LAST YEAR'S PREDICTION:
The Hoosiers draw eight home games, including dates against Indiana State, Navy, Bowling Green, Minnesota, Illinois and Purdue. It's very possible that the Hoosiers sweep this group, which could lead to as many as eight wins. It's more likely that IU loses one or two, however, leaving precious little room for error but still reaching bowl eligibility. No, I don't think IU is a Big Ten contender. I do think this will be a fun team to watch.
In a nutshell: Indiana cost itself a bowl bid – what would have been the program's second in two decades – with an early-season loss to Navy, one that left the Hoosiers with little room for error during Big Ten play. IU dinged itself further with a painful 42-39 loss to Minnesota, which left Wilson's third team needing a victory in three of four games against Illinois, Ohio State, Wisconsin and Purdue – or, in other words, needing an upset against one of the Badgers and Buckeyes. Indiana's getting there; it's not there quite yet. But last fall did mark another step forward for the program, which is now fully versed in Wilson's powerful offense.

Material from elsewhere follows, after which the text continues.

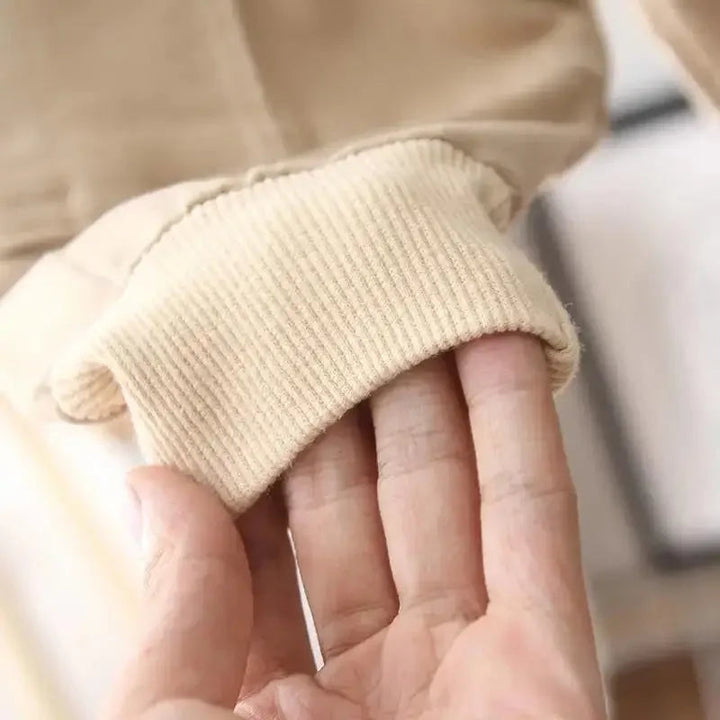 Close-up of the ribbed ankle cuff on khaki cotton cargo pants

Next: Indiana needs to find a defense. Wilson's offseason hire could determine how far IU goes in 2014.
High point: Topping Penn State. Indiana was 0-16 against the Nittany Lions. Now 1-16, and looking for a winning streak.
Low point: The loss to Minnesota. This team knew the story: IU needed to beat the Gophers to ensure bowl eligibility.
Tidbit: Indiana allowed 10 of its 12 opponents to score 35 or more points. The two outliers were Bowling Green, which won the Mid-American Conference, and Penn State. All 11 of the Hoosiers' Football Bowl Subdivision opponents gained at least 400 yards of offense; seven gained at least 500 yards, four gained at least 600 yards and one, Michigan, gained a whopping 751 yards.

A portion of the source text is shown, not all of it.